The k-Nearest Neighbors algorithm (kNN) assigns to a test point the most frequent label of its k closest examples in the training set. Study the code of function `kNNClassify` (for quick reference type `help kNNClassify`).

1. Use `kNNClassify` to generate predictions `Yp` for the 2-class data generated at Section 1. Pick a "reasonable" k.
2. Evaluate the classification performance (prediction error) by comparing the estimated labels `Yp` to the true labels `Yte` by: `err = sum(Yp~=Yte)/length(Yte);`
3. Visualize the obtained results, e.g. by plotting the wrongly classified points using different colors/markers:
``scatter(Xte(:, 1), Xte(:, 2), markerSize, Yte); % color points by "true" labell = (Yp ~= Yte); % specify wrong predictionsscatter(Xte(l, 1), Xte(l, 2), markerSize, Yp(l), 'x'); % color them``
4. Use the provided function `separatingFkNN` to visualize the separating function, or the areas of the 2D plane that are associated by the classifier with each class. Overlay the test points using `scatter`.

### 3. Parameter selection: what is a good value for k?

So far we considered an arbitrary choice for k. You will now use the provided function `holdoutCVkNN` for model selection (type `help holdoutCVkNN` for an example use).
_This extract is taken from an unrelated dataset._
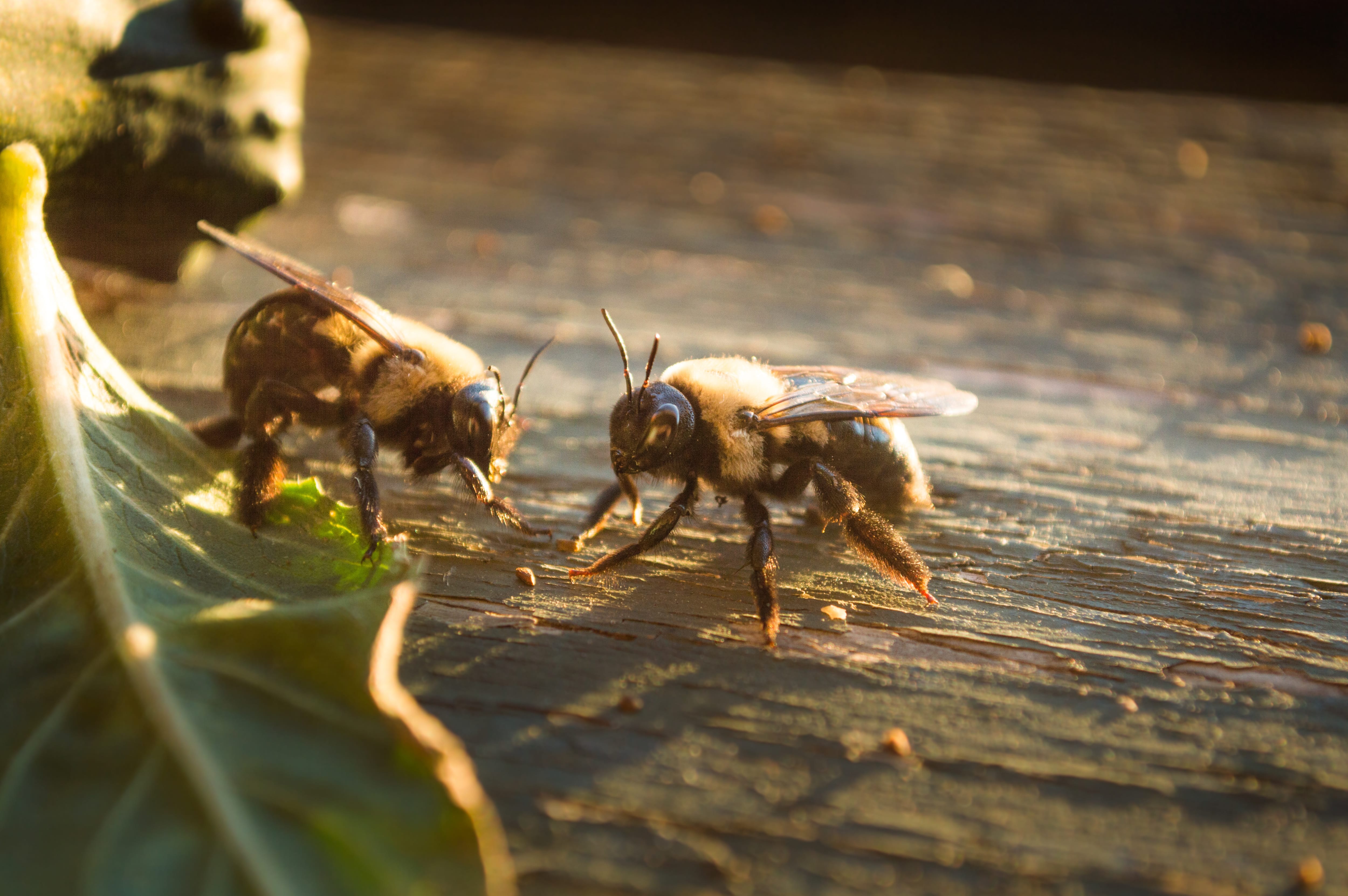 Two carpenter bees on a piece of wood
1. Perform hold-out cross-validation using a percentage of the training set for validation. Note: for the suggested parameters rep=10 and pho=0.3, the hold-out procedure may be quite unstable.
• Use a large range of candidate values for k (e.g. k=1,3,5...,21).
• Repeat the process for `rep` times using at each iteration a random `p` of the training set for validation. Try `rep=10, pho=0.3`.
• Plot the training and validation errors for the different values of k.
• How would you now answer the question "what is the best value for k"?
2. How is the value of k affected by `pho` (percentage of points held out) and `rep` (number of repetitions e.g., 1, 5, 30, 50, 100)? What does a large number of repetitions provide?
3. Apply the model obtained by cross-validation (i.e., best k) to the test set and check if there is an improvement on the classification error over the result of Part 2.

### 4. (Optional)

1. Dependence on training size: Evaluate the performance as the size of the training set grows, e.g., n = {50, 100, 300, 500,...}. How would you choose a good range for k as n changes? What can you say about the stability of the solution? Check by repeating the validation multiple times.
2. Try classifying more difficult datasets, for instance, by increasing the variance or adding noise by randomly flipping the labels on the training set.
3. Modify the function `kNNClassify` to handle a) multi-class problems and b) regression problems.